By Ms. Narmadha R., Director, Centre for Data Management and Analytics
A whole lot of data is being generated all around and it is estimated that a major chunk of it is unstructured. Anything which doesn’t fit into a tabular form could be called unstructured data. Types of unstructured data include audio, video and text files. Analysis of data, in a tabular form is well known to us, as IA&AD had been using tools like MS Excel, Access and IDEA for such analysis since a long time. The recent advent of technology has enabled analysis of unstructured data too with new disciplines emerging out of analysis of images, videos and text files in the fields like bio chemistry and bio technology. This article aims to throw light on the possible utility of text analytics in SAI India.
What is Text Analytics?
Documents, Emails, online reviews, news, social media posts, notes, survey results, and other types of written information, hold insights into the subject matter. There is also a wealth of information in (voice) recorded interactions that can easily be turned into text. Similar to the way insights are drawn from numbers in structured data, insights could be drawn from words too. Text analysis is this process of deriving insights from bulk of texts (essentially words). It lets the user to uncover patterns and themes, to know what the authors are thinking about.

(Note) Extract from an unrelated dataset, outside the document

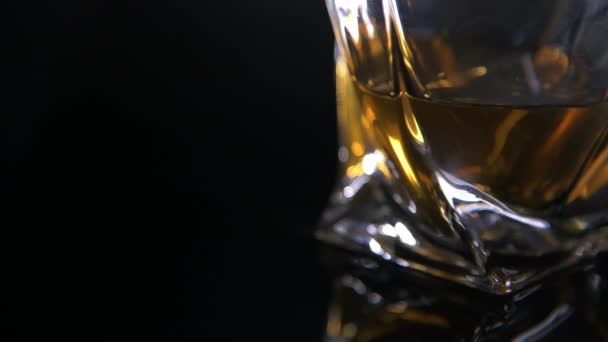 Chiudere su vetro bicchiere moderno riempito di whisky - Filmati, video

Text analytics tools provides valuable information from data which is not easily quantified in any other way. It turns the unstructured thoughts of authors of the text/documents into structured data that can be used by businesses and organisations.
Methodology: How is Text analysed?
Create a Bag of Words
Text data is made up of sentences. A sentence is nothing but a string of words connected to each other. Imagine a string of pearls and what happens when the pearls are removed from the string. One is left with a string and a handful of pearls. Similarly, the first step in text processing is that every sentence is broken down into a handful of words.
Following this, the words are tagged with the respective parts of speech. For example, assume a sentence, ‘this is a good book’. There are five words in this sentence. After breaking down the sentences into five words and a symbol (.), a part of speech is tagged to each word, including the symbol, as follows: This + Pronoun; is + Conjunction, a + Conjunction, good + adjective, book + noun. This process is called enrichment. A word along with the part of speech is called as a ‘Term’. From this step onwards, an analyst will work on these ‘Terms’.
Though, every dataset has varying levels of noisiness1, it is high with respect to unstructured data, especially text. Hence, the analyst works on removing the noise, that is, the unnecessary or not-so important words from this bag of words. This is essentially filtering of words, which is done on the basis of the parts of speech tagged with the words.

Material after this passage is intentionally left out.